More than a third of the projects
that received reservations of LIHTCs
from DHCR in 2008 are on track to
close their financing by the end of summer—not far off from the program’s
usual schedule, says Van Amerongen.
DHCR reserved LIHTCs for 47 projects
in 2008 and early 2009. Of those,
nine had closed their financing by the
end of June. Another nine are on track
to close their financing by mid-September.

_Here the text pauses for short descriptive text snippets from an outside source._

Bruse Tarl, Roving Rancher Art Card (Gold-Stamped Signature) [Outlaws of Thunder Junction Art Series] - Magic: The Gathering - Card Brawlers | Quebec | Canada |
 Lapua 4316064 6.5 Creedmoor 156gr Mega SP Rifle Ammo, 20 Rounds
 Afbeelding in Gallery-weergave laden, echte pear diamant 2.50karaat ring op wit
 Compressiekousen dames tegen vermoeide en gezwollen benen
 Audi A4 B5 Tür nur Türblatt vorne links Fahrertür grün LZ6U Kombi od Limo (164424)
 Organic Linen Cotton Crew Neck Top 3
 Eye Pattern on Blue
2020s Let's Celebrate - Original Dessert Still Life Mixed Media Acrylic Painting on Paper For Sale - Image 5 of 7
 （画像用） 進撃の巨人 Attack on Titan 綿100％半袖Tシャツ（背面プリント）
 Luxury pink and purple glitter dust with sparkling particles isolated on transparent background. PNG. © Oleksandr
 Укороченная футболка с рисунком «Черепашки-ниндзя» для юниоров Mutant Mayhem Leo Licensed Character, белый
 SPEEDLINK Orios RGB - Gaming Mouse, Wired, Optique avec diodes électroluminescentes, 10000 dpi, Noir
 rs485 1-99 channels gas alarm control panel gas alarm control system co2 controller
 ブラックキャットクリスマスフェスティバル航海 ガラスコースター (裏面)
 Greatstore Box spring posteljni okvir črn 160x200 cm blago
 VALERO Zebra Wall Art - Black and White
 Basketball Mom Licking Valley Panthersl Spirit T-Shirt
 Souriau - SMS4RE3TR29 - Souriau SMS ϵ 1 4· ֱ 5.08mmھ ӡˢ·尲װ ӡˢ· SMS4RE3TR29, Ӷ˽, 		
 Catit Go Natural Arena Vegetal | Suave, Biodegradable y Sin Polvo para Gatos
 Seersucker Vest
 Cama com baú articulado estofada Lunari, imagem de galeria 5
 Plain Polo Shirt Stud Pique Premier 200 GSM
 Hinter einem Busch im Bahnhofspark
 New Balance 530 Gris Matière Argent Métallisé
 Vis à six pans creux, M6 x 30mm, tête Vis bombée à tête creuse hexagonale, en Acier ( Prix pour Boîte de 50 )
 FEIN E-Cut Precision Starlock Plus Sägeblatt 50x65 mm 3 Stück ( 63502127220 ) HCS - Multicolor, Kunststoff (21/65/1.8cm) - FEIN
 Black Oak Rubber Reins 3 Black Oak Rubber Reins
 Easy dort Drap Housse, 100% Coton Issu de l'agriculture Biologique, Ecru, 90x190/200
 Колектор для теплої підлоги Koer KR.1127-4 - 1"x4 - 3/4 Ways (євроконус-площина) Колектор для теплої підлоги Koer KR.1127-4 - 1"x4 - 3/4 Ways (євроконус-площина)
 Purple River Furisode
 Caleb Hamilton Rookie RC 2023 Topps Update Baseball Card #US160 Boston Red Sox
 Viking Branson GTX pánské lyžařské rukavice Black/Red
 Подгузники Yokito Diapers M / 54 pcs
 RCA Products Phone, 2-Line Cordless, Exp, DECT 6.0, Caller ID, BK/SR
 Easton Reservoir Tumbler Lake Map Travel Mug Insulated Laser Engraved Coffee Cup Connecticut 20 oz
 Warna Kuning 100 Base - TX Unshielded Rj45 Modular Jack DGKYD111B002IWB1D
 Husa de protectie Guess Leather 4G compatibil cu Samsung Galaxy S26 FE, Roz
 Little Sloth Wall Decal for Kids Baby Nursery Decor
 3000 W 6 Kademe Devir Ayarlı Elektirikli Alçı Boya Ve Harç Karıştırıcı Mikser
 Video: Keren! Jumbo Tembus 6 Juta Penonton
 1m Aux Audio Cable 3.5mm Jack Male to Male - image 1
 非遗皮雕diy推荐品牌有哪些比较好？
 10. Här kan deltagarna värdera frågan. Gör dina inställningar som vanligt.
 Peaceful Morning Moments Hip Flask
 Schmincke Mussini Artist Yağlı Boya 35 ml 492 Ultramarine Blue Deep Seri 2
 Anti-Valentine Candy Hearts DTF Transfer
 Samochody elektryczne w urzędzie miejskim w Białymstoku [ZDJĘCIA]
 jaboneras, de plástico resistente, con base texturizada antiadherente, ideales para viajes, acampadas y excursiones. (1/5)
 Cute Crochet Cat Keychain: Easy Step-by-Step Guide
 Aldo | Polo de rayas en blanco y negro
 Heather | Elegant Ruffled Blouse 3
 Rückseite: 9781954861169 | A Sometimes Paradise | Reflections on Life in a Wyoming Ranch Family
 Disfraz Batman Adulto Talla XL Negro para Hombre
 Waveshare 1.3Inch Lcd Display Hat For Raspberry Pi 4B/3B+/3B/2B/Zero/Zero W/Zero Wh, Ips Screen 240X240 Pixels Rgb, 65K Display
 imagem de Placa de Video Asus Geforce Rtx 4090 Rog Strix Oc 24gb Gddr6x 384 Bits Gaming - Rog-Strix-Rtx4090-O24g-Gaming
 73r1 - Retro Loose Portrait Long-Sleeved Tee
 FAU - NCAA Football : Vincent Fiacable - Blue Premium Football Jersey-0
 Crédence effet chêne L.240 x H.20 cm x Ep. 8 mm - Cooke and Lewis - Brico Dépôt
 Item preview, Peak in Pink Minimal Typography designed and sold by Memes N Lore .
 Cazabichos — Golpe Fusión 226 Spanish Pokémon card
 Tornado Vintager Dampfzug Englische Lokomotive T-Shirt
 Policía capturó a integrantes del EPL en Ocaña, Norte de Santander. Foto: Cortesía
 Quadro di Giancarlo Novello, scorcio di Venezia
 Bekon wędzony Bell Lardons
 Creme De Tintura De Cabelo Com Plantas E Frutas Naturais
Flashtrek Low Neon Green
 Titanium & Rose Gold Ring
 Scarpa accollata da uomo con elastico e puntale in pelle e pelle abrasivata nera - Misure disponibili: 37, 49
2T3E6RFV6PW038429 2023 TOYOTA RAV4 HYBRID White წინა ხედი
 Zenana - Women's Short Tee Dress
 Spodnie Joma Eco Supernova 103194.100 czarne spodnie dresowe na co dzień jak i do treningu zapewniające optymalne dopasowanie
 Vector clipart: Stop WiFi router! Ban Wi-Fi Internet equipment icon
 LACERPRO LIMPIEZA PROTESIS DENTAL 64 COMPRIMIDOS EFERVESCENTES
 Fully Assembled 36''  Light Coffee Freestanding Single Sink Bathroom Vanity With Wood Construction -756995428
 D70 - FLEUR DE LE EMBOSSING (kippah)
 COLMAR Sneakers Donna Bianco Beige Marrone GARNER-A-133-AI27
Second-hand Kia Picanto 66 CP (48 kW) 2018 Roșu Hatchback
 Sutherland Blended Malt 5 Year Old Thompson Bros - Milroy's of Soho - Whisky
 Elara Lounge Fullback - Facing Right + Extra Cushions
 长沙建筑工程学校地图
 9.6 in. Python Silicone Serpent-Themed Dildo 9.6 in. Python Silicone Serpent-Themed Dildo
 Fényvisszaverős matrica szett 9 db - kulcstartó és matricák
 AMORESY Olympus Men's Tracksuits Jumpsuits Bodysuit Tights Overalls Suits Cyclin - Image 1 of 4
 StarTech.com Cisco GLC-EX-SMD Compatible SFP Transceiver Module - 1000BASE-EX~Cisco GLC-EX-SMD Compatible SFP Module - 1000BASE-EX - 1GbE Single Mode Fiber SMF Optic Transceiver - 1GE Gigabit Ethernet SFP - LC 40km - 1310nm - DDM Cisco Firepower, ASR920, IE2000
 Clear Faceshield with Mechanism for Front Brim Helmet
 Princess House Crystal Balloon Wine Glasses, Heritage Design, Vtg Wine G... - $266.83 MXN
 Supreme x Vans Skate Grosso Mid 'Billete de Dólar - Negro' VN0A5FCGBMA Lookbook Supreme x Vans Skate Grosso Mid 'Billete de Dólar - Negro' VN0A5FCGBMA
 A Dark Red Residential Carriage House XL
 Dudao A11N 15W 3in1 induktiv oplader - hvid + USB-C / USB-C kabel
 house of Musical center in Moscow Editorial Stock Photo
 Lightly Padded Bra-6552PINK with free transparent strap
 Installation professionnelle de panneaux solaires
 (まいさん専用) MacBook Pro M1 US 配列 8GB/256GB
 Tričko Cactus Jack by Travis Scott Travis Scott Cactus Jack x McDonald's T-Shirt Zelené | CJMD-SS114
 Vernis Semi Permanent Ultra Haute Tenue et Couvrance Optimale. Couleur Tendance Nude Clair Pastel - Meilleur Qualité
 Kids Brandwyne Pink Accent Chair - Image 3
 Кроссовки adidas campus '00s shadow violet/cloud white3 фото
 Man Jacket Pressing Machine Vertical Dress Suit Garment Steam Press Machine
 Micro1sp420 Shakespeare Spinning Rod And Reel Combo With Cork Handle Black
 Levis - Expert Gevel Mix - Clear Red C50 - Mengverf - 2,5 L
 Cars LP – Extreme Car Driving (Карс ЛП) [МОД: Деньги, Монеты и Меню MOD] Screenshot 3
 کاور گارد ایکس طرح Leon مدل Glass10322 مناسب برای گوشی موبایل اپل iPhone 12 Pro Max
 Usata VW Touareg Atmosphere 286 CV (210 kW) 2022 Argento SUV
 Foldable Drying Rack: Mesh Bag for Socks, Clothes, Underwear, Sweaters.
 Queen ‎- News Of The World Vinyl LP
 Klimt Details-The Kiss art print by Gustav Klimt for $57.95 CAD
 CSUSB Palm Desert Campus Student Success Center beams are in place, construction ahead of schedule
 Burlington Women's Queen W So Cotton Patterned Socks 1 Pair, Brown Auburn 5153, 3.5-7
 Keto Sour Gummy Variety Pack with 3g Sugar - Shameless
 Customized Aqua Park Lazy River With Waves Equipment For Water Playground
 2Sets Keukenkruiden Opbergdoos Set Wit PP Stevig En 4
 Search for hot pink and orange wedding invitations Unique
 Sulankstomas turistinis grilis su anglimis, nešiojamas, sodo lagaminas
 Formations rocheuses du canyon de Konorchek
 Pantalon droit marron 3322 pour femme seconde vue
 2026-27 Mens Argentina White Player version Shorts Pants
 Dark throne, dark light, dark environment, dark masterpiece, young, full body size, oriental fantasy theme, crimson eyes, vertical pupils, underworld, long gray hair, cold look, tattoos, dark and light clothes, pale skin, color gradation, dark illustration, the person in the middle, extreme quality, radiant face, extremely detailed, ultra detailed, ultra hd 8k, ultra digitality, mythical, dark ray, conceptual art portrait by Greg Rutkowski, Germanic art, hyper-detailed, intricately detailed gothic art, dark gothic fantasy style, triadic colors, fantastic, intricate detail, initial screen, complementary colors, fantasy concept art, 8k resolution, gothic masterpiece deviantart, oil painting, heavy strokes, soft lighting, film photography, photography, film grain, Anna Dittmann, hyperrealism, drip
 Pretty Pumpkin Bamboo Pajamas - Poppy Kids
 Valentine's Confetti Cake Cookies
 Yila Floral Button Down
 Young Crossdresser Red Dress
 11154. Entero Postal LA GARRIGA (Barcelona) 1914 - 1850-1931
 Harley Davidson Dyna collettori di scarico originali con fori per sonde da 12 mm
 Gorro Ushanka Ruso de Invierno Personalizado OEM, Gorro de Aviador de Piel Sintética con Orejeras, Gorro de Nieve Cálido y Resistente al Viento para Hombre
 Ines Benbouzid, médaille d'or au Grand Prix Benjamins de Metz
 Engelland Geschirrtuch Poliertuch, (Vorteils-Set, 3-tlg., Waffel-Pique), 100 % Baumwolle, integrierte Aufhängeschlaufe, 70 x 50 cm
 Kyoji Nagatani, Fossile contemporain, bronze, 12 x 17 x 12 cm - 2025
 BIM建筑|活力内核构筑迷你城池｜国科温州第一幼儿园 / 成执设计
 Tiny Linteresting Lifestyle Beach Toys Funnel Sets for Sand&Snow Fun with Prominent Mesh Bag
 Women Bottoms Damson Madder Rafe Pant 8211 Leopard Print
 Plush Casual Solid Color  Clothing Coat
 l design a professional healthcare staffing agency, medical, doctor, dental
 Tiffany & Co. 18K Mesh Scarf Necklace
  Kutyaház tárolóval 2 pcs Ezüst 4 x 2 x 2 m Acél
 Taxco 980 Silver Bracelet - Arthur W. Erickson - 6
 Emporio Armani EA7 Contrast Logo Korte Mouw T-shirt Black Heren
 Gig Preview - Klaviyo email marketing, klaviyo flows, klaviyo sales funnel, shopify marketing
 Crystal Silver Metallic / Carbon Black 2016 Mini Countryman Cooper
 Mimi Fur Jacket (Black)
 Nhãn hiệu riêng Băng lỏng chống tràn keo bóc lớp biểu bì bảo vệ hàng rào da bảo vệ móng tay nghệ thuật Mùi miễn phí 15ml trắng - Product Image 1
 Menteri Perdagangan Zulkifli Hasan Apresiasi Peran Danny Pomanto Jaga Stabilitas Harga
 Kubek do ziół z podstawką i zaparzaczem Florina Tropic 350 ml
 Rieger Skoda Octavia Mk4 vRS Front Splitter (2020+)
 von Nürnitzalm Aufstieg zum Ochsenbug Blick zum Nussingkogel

These numbers provide a stark
contrast to many other Northeastern
states where advocates and local officials interviewed report as few as one
in 10 projects have found investors.
Investors favor properties in the
New York City metropolitan area
with experienced sponsors, says Van
Amerongen.
Deals are also closing in upstate
New York, although investor interest
is not as strong. Investors tend to
avoid smaller projects and properties
in which the total amount of tax credits
is less than $150,000 per unit.
“People only want projects with
half a million dollars or more in annual
tax credits,” says Van Amerongen.
To help, the agency recently partnered
with Great Lakes Capital Fund to create
a fund to syndicate LIHTCs from
upstate deals, which are often smaller
projects, to investors including local
banks. The fund organizers plan to
close their first deals by the end of the
year.
Investor interest is strong enough
overall that at press time DHCR did
not plan to utilize the federal Tax Credit
Exchange Program, which would allow
projects to trade their reservations of
tax credits for cash equal to roughly
$0.80 on the dollar.
“I think exchange is a very dangerous
path,” says Van Amerongen.
For example, projects that trade in tax
credits would not have access to the asset
management provided by tax credit
investors.
Instead, DHCR plans to use
programs like the federal Tax Credit
Assistance Program (TCAP) and the
state’s Affordable Housing Trust Fund
Program to fill most gaps in capital
budgets. DHCR will distribute about
half of the state’s $253 million in TCAP
grant money, which in practice will behave
much like HOME funds, says Van
Amerongen.
Both TCAP and the exchange
program were established this year
under the American Recovery and
Reinvestment Act to help stalled
LIHTC deals.
Every year a few projects return
tax credits to DHCR because they are
unable to clear local hurdles to development,
and this year will be no different.
However, Van Amerongen still
sees some reason to hope that none
of the projects that won tax credits in
2008 will fail for lack of a tax credit
investor, and DHCR is working to
help these projects. Pricing now hovers
in the $0.80 range in the city, with
projects upstate selling LIHTCs in the
$0.70 range.
“DHCR has done an exceptional
job of dealing with this situation,
which changes by the day,” says Bernie
Carr, executive director of NYSAFAH.
DHCR has carefully tracked deals and
has been flexible with project deadlines.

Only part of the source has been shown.